その道中、バドが色々と聞いてきたものの、それに答える以外ほとんど会話はない。重苦しい雰囲気に、さすがのバドも後半は黙ってしまった。
しばらく飛んで、あたりが闇に呑まれ始め、様子が分からなくなりかけた頃だった。窓の外を眺めていたヴェインズが突然バドに声をかける。
「ここで降りる。高度を下げてくれ」
「ここでって……海のど真ん中じゃねぇかよ。本当にいいのか、ここで?」
「俺もリエルナから読み取っただけで、来るのは初めてだが……なるほど、俺たちにはなんとなく分かるもんだな。ここで合ってるんだろう?」
「うん」
ヴェインズの問いかけに、リエルナは頷いた。
「僕たちは本当に入れないんだね?」
「うん。入ろうとしても、海に落っこちて終わっちゃうの」
クローリアの問いかけに、リエルナは答える。それを聞いたバドが、残念そうに舌打ちした。
「そいつは残念だな。ぜひとも幻の大陸を拝みたかったもんだが」
「アストルのこと──頼むな」
ルクトスは、アストルをヴェインズに託した。行けるのなら、本当は自分が行きたいのだろうが、それはできない。口には出さないものの、ルクトスの想いはヴェインズにも伝わっていた。
「ああ」
ヴェインズはアストルを背負って頷く。
「それじゃあ──行くの」
高度が十分下がってから、扉が開いた。リエルナは真っ暗な闇を覗くと、そのまま飛び降りる。アストルを背負ったヴェインズも、それを追うように落下した。
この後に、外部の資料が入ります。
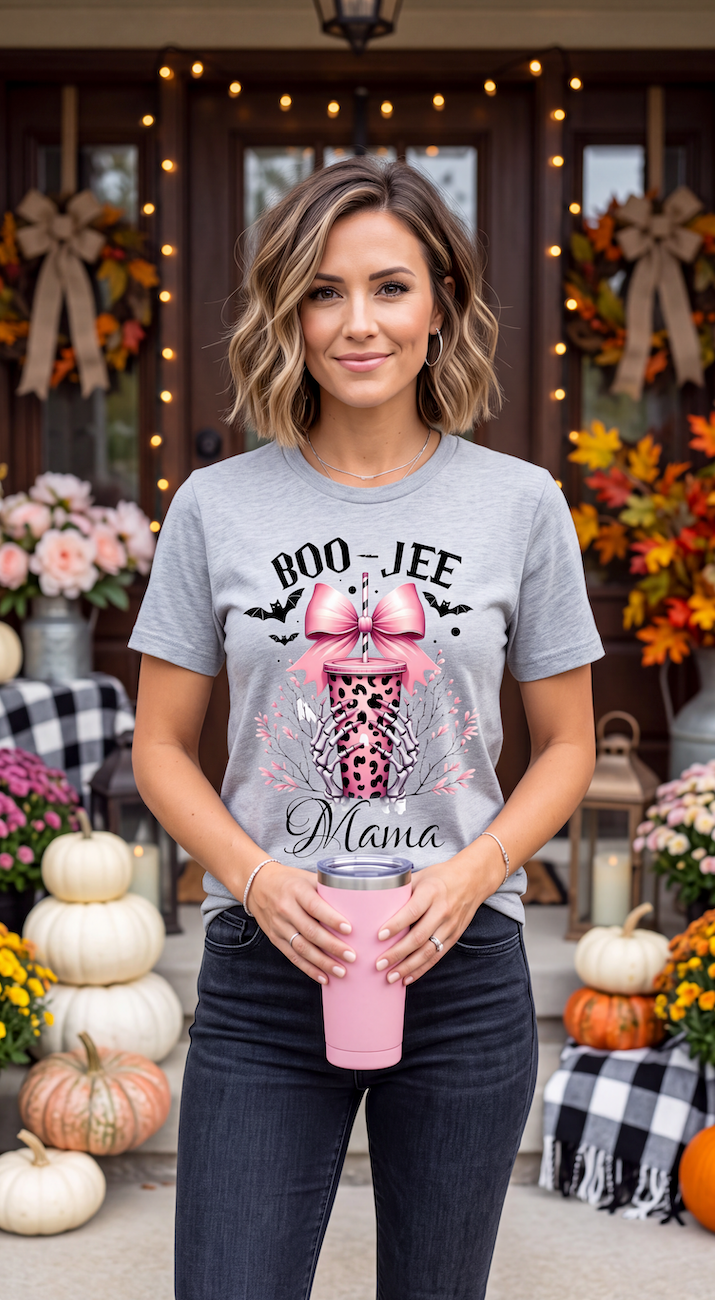 A woman stands on a decorated autumn front porch wearing a heather gray graphic T-shirt that reads 'BOO-JEE Mama' with a pink bow, leopard print cup, bats, and sparkles. She is holding a pink tumbler and wearing dark jeans.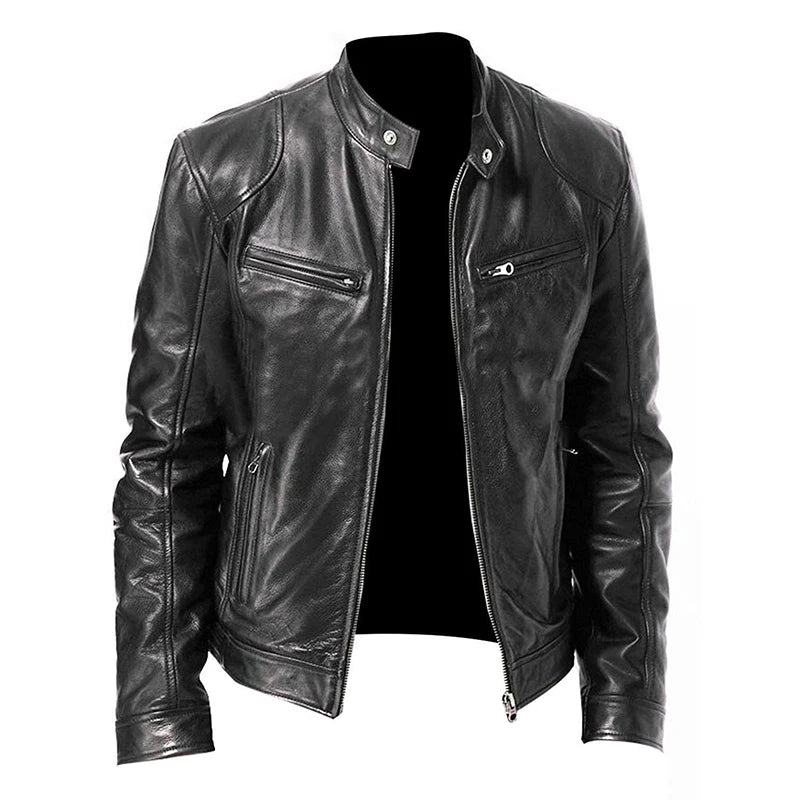 Jaquetas de Couro Masculinas de Motocicleta Jaqueta Casual de Moda Masculina Jaqueta de Couro PU Slim Fit com Lapela Casaco de Couro Masculino Anti-vento para Outono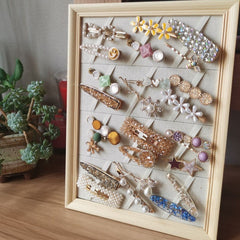 Wall-Mounted Jewelry & Hairpin Display Board - Multi-Functional Headwear Organizer Frame - Aesthetic Earring, Necklace, and Hair Accessory Storage Rack for Home Decor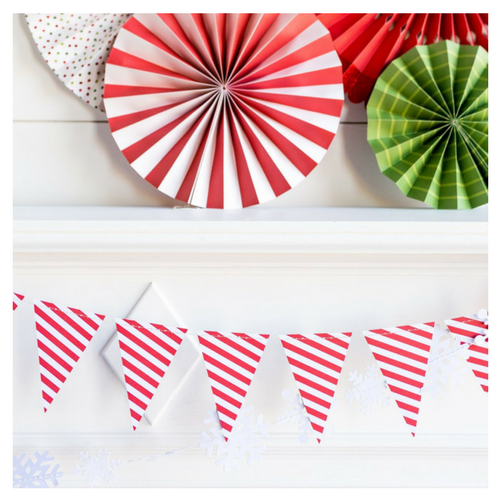 Red & White Striped Pennant Banner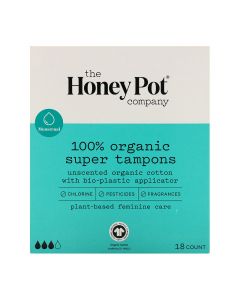 Buy The Honey Pot Company Swabs, 100% Organic, Super, 18 Pieces | Florida Online Pharmacy | https://florida.buy-pharm.com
心配になったバドたちが身を乗り出す。しかし、暗くてよく見えない。
だが次の瞬間、海面からまぶしい光の柱が立ち昇った。それに照らされて、わずかな間リエルナたちの姿が浮かび上がる。
それもつかの間、その光に吸い込まれるようにその姿は消え、しばらくしてその光も闇に溶けていった。
「おぉ!?あいつら、本当に消えやがった……」
呆然とするバドたちだったが、おそらくリエルナたちが幻の大陸に入ることができたのだろうと悟った。
後は、その帰りを待つしかない。
──アストル
──目覚めるのだ
声とは少し違うような、脳に直接話しかけられているような感覚だった。しかし、それは嫌なものではなく、むしろ心地いい。
それに意識を引き寄せられるようにして、アストルは目を開いた。